5-Hydroxymethylcytosines of Circulating Cell-Free DNA and Prognosis in Diffuse Large B-Cell Lymphoma

Background: Elevated levels of circulating cell-free DNA (cfDNA) have been associated with poor prognosis and relapse in patients with diffuse large B-cell lymphoma (DLBCL). However, the tumor-specific molecular targets in cfDNA that have prognostic significance remain unclear. We investigated the association between 5-hydroxymethylcytosine (5hmC), a mark of active demethylation and gene activation, in cfDNA from plasma and prognosis in DLBCL.

Methods: We used the 5hmC-Seal, a highly sensitive chemical labeling technique integrated with next-generation sequencing (NGS), to profile 5hmC in plasma cfDNA samples from Caucasian patients at the University of Chicago who were newly diagnosed with DLBCL (n=43) or follicular lymphoma (FL, n=28), the two most common histological subtypes of non-Hodgkin lymphoma (NHL), in 2011-13. Baseline clinical, laboratory, and vital status data were abstracted from medical records. Patients were followed through December 31, 2017 and those who relapsed after completion of treatment, lost to follow-up, or died were censored. We profiled 5hmC with 1-2 ng of cfDNA extracted from ~2 ml of plasma for library construction and the NGS. We obtained ~25 million reads per sample, providing a depth of coverage ~600X in terms of gene bodies. We normalized read counts and identified differential 5hmC markers using DESeq2. Cox proportional hazards model were used to estimate the association between 5hmC markers and overall survival.

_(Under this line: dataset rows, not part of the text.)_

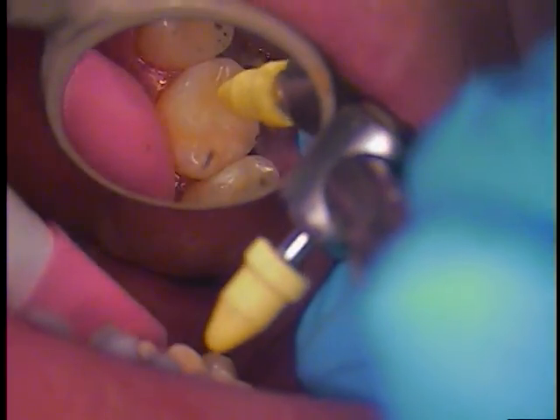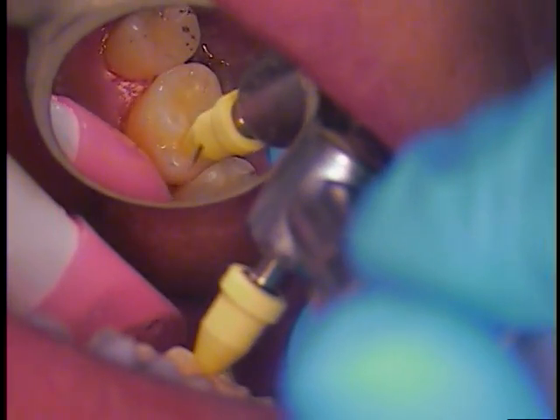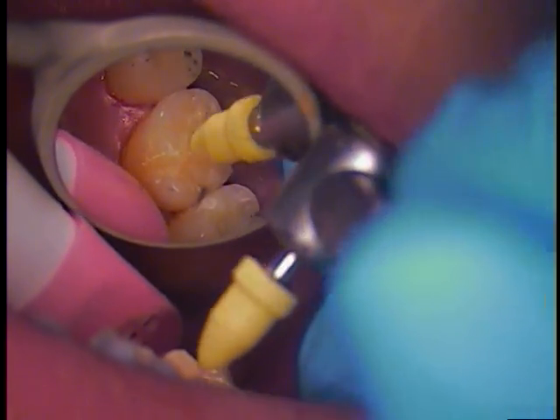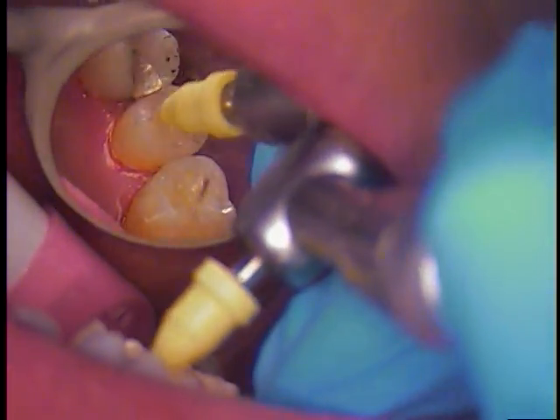Hello and welcome back. This is Dr. Jerry Cuomo. I'm now going through the polishing techniques that I will use. I like the Centrix points — they work pretty well. They just give a nice surface buffing.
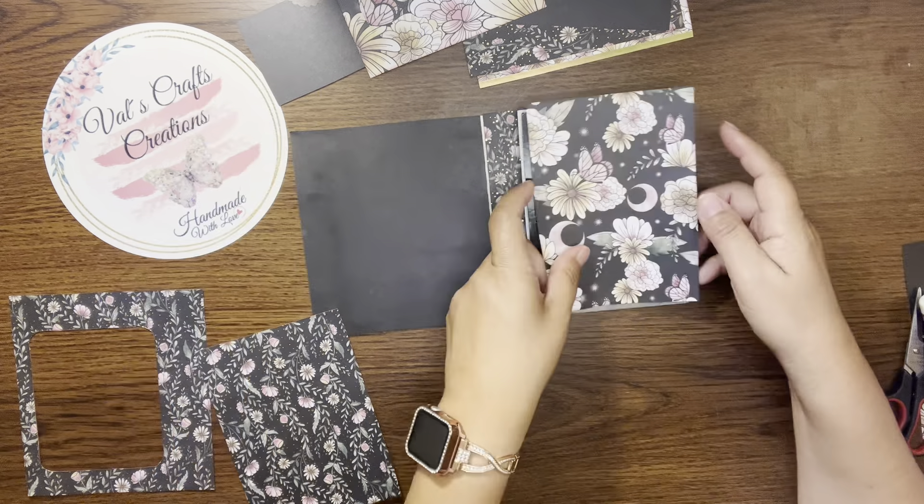This is fine. Okay so we have our belly band there — let's add our pocket.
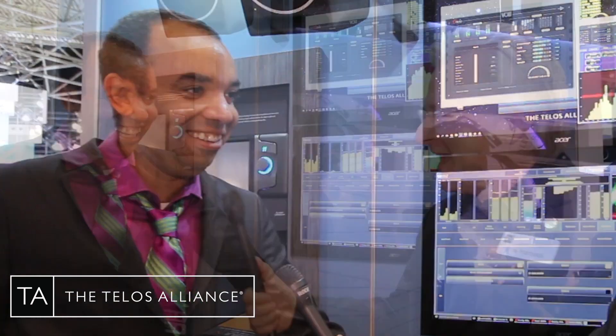Check out the Omnia 9 at telosalliance.com — and get the best from Leif and the best from Hans in the same box. Amazing. I'm Kirk Harnack at IBC 2017.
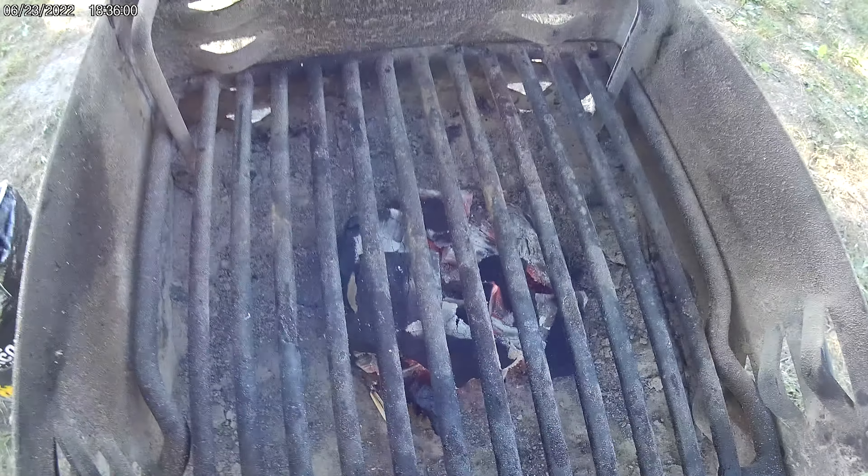That's been 20 minutes, and that's good enough. We only have to put six hot dogs on here. I've lowered the grate down and I'm going to put some aluminum foil over these rods — not going to try to clean them. We'll cook up the hot dogs.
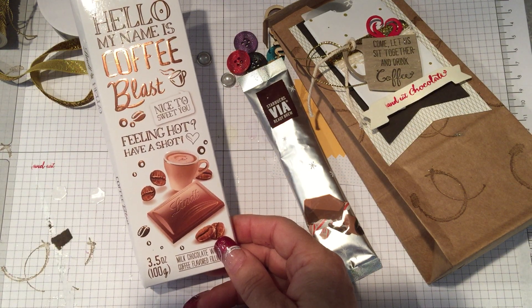I want to tattle on myself real quick. Here's what I had inside — my favorite chocolate right now, this Coffee Blast. I love their little cute sayings — 'feeling hot, have a shot' — and then some little peppermint coffee from Starbucks. My confession is that I ate the sample, which is going to turn out okay because I need to run and get the Starbucks gift card tonight. Maybe I better get more than one this time. Thanks for watching guys, happy holidays and Merry Christmas!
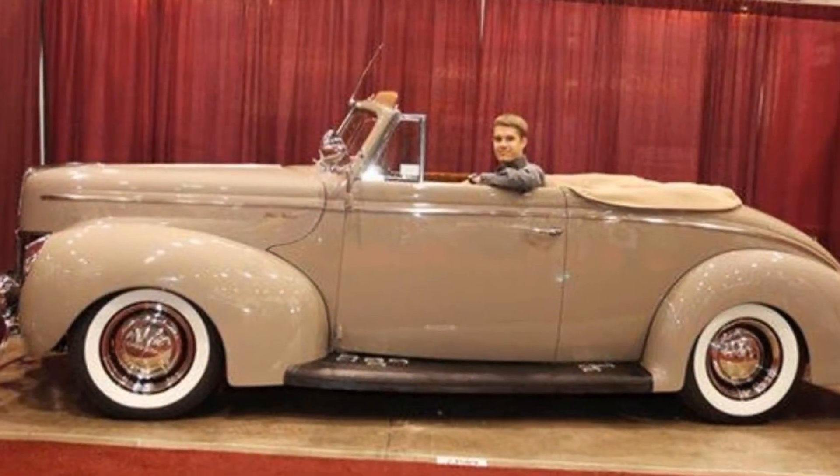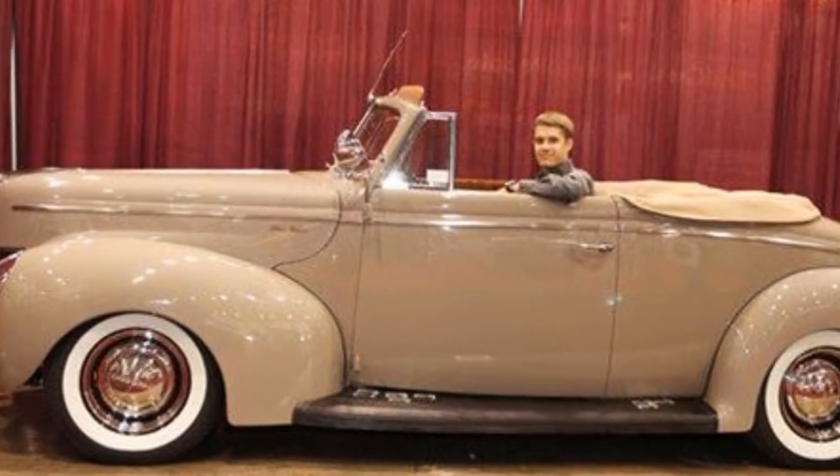I'd say by far it's probably got to be the 1940 Ford that we did for Nick Ellis. It actually went to a show — the SEMA show 2011 in Las Vegas. It was one of the top 10 picks of the show. It was a very nice car, everything was done first class, it was a state of the art automobile.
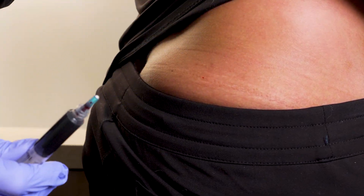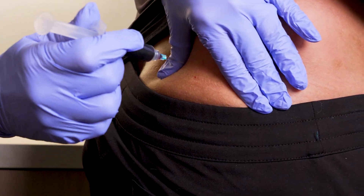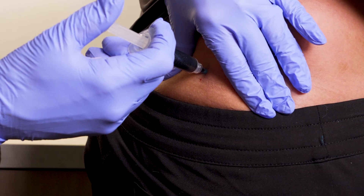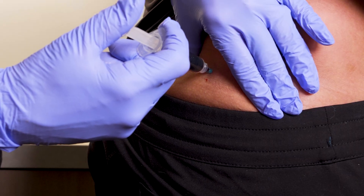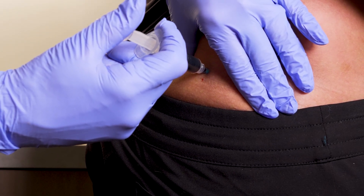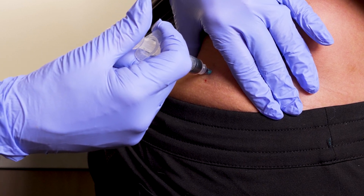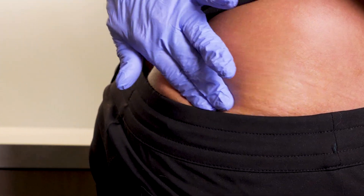For the B12, we want to take the cap off. We're going to pinch the area and put the needle straight in. You want to inject slowly as this B12 does have a burn. It is also 5 cc's, which is a lot for any muscle to handle, but the glute is the biggest muscle and can take 5 cc's.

Results: We found that in cfDNA from DLBCL patients, 5hmC markers were enriched within gene bodies and depleted in CpG islands. The cfDNA-based 5hmC profiles at diagnosis differed between DLBCL and FL, and in DLBCL, the 5hmC profiles differed between Ann Arbor stage (stage 1/2 vs stage 3/4), lactate dehydrogenase (LDH) level (normal vs elevated), and cell-of-origin (germinal center B-like and activated B-cell-like DLBCL). In addition, genome-wide 5hmC distribution patterns in cfDNA samples are highly correlated with those found in cfDNA-paired tumor tissues, supporting the tumor relevance of cfDNA in a patient. Next, we evaluated the prognostic significance of cfDNA-based 5hmC in DLBCL using a two-step approach. In the discovery phase (7 DLBCL patients with relapse and 12 age- and sex-matched patients without relapse within two years following treatment), a substantial number of 5hmC markers were associated with relapse (449 gene bodies at 5% false discovery rate [FDR]). These relapse-associated 5hmC signatures showed high sensitivity, specificity, and overall accuracy (area under curve [AUC]=0.91) in predicting relapse in the independent validation set (relapse=5, no relapse=13). Finally, we identified a panel of 128 5hmC markers (fold change >20% and p-value <0.05) that were associated with 4-year overall survival.

Conclusion: These findings suggest that 5hmC signatures in cfDNA at the time of DLBCL diagnosis correlate with standard clinical prognostic indices and hold promise as non-invasive markers for prognosis and survival.